Records to use:
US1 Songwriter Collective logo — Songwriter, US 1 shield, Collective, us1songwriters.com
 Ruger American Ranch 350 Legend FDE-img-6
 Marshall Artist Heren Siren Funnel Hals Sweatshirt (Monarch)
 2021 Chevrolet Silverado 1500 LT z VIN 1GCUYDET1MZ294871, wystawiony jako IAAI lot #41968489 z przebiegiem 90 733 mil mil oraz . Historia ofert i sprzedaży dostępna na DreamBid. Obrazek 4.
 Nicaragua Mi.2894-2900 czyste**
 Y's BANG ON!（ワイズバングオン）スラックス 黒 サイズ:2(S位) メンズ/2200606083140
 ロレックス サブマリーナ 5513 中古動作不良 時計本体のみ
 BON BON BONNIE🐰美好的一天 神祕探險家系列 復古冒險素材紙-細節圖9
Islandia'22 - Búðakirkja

What to produce:
Give back exactly the lines from the one that contains "BON BON BONNIE🐰美好的一天 神祕探險家系列 復古冒險素材紙-細節圖9" to the end of the data above, both of those lines included.

Answer area:
 BON BON BONNIE🐰美好的一天 神祕探險家系列 復古冒險素材紙-細節圖9
Islandia'22 - Búðakirkja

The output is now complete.